The overarching categories, like planet, moon, and star, ought to be based on simple, discriminating principles, such as what it orbits, or whether it has achieved nuclear fusion in its core. To burden the word “Planet” with questions of shape, geologic activity, clearing of orbits, etc. serves no purpose in helping educate the public. These confusing stipulations may please the scientists on those teams, but will only result in the division and the gnashing of teeth, as we see now regarding Pluto.


  1. I have been accused of including hearsay by relating the story of “snow” and the languages of the Eskimos/Inuits.


ANSWER – While I included the words “It is said” in an attempt to make it clear that I make no claim as to the truth of the story, it does illustrate an important point. As one becomes more intimately involved with something, clarity of communication demands more precise language about it.

As we enter a golden age of astronomy, thanks to incredible probes, like New Horizons, and fantastic telescopes, like JWST, and which we will continue to launch, and as findings, news, and discussions of mission discoveries continue to proliferate, we need to clarify out terminology.

The scientific community is in a similar position to what Zoology was like in the 1700s. What we need is a modern day Carl Linaeus to develop a taxonomy for space objects. But the overarching category names should not be discarded. In spite of Linaeus, we still talk about horses and dogs. And we still observe that there are plant, animal and mineral kingdoms. How is star, planet and moon different?


  1. Fault has been found with my statement that originally all planets were mere specs of light in the night sky. On the contrary, the sun and moon are held up as proof.


ANSWER – This proves nothing. Back then, as now, the sun and moon are not, neither of them, planets. The GPD folks are eager to start calling large moons planets, which seems to me a step in the wrong direction.


  1. I have been taken to task for ignoring or missing “one of the greatest insights in scientific history,” which is that space objects large enough to be complex and, as Galileo put it, to be homes for life and civilizations, are planets. During the 1700s and 1800s, science dropped the “homes for life and civilizations” part, but they kept the size and complexity part. This important central insight is a central part of the GPD argument.

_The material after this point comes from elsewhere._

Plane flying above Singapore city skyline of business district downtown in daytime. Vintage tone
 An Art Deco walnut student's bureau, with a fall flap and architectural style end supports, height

ANSWER – Let’s notice that science gets it wrong too. Galileo’s speculations about life and civilizations were dropped so as to keep lifeless planets in the planet club. Note too that the GPD would have us referring to our moon, and others, as planets because they show evidence of geologic activity. How confusing compared to simply referring to what something orbits, or compared to what we have seen and heard in hundreds of years of literature and song.

Let things like size and shape and complexity be handled in research and at the subcategory level. If the GPD wants Luna (or Titan, or Enceladus, etc.)to be planets, what happens if the supposed geologic activity completely ceases? And what if it starts up again? The chance exists that this will happen at some point and require new GPD designations. But that’s the crux of Objection #1!

With all that said, it occurred to me that there is a sort of grey area that should be appreciated.

My proposal is from a spoken language stand point. Objections to these ideas comes from a science stand point. While science may feel an obligation to reach down and educate the public on what science has learned about how the world works, I resist the notion that science always knows best.

We, the people, should lay claim to some basic words, like star, planet and moon. If we do not, science can make a mess of things, as they did with the word “metal.” In common parlance we know what metals are. Hard, shiny, bendy. Good enough for everyday use. Chemistry has expanded on the definition to mean any element or alloy that handles electrons in certain ways. Useful and interesting. But the Astrophysicists use the word to man any element in the periodic table heavier that hydrogen or helium. How is this helpful in educating the public?

In conclusion, the overarching categories, “star,” “planet,” and “moon,” should be the province of the man on the street, with simple, easy to understand criteria. All the many subcategories should be the province of science.